Denver Broncos Introduce Vance Joseph - News Conference
Elway has a lot of options in front of him.
Photo by Matthew Stockman/Getty Images

So this week I thought we’d try something a little different; i.e., my brother and I are being reunited after two years apart, so I struggled to find time to deep dive into tape. Welcome to “Cash Cow”, GIF Horse’s illegitimate cousin and a fun exercise where I get to dig out my GM hat and provide Broncos Country with thoughts and perspective on the 2018-2020 Denver Broncos as currently constructed.

Oh and GIFs, I promise I won’t forget a few of those. Let’s dive in.

The two-year amendment on a four-year plan.

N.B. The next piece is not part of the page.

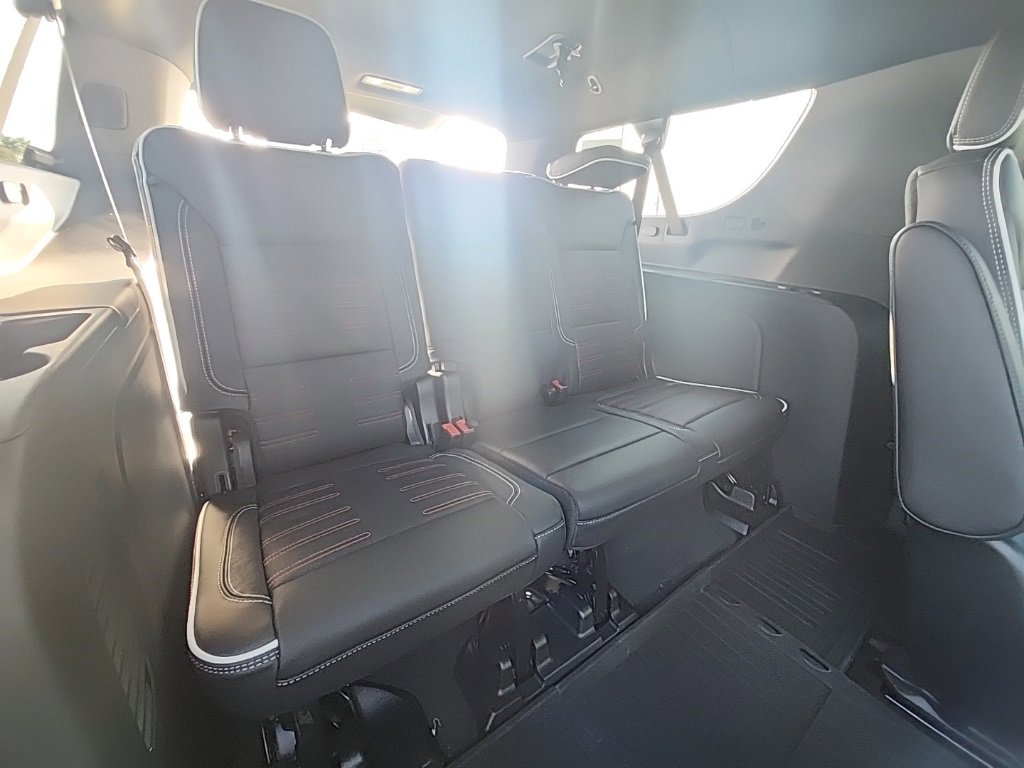 New 2026 GMC Yukon XL AT4 Ultimate w/ LPO, Floor Liner Package image 20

First a look back. Denver is coming off a Super Bowl championship and Elway’s eager to keep the key pieces in place, resigning Brandon Marshall and CJ Anderson to go with the recently extended Derrick Wolfe. Two tackles are signed to solidify the offensive line and the Broncos will resign Darian Stewart and Emmanuel Sanders during the 2016 season. It all comes together financially because Paxton Lynch was just drafted and rookie QB contracts offer THE biggest bargain in sports so long as the guy pans out. By the time Lynch is up for an extension, it’s 2020 and there’s oodles of cap space to utilize.

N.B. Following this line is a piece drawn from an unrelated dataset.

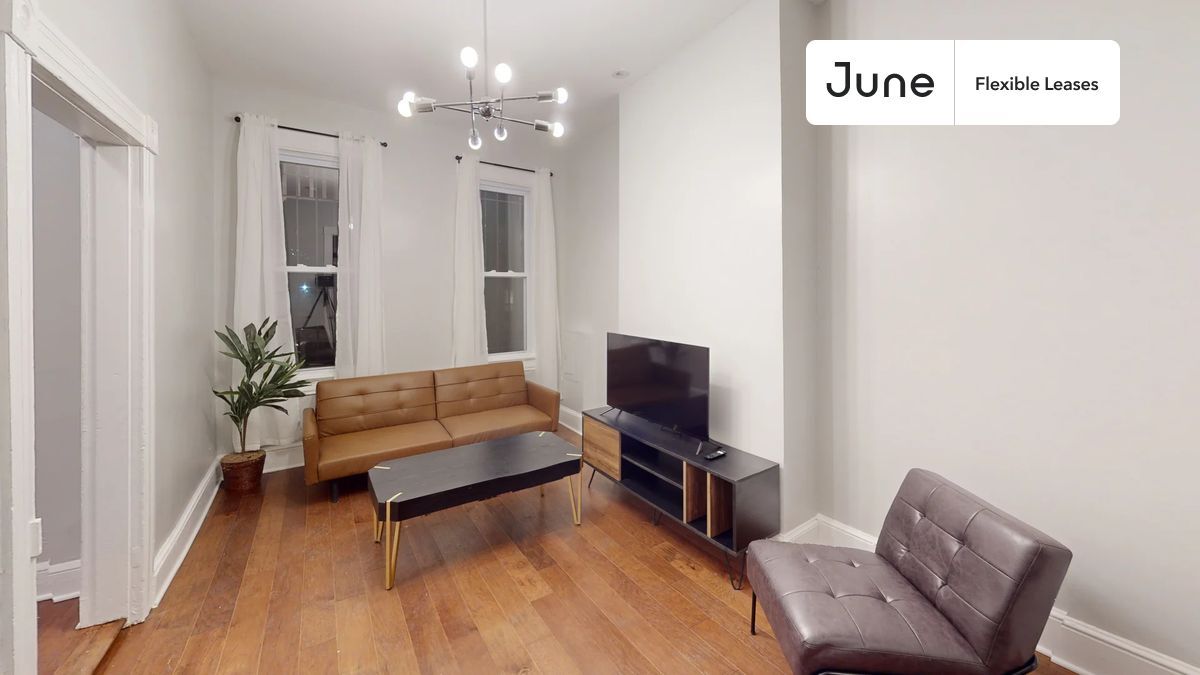 Foto principal - 2124 13th St SE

Of course, Lynch lost his starting job to Trevor Siemian and here we are, two years in with the lion’s share of those contracts hanging on the books. Most of the team’s core pieces are older veterans hovering around 30 years old. Rebuilding is an ugly word when 80% of the roster is ready to win now, so Elway signed Case Keenum to the kind of short term deal that fits perfectly into that window while providing Elway an opportunity to pivot at a more opportune time: in 2020.

So here we are, hopefully chasing another Lombardi.

What changes could come in 2019?

As of now the Denver Broncos will have either $4 or $16.5 Million as they enter the 2019 offseason. That’s a huge disparity, but what makes it even nuttier is just how much flexibility Elway has built into the contract structure.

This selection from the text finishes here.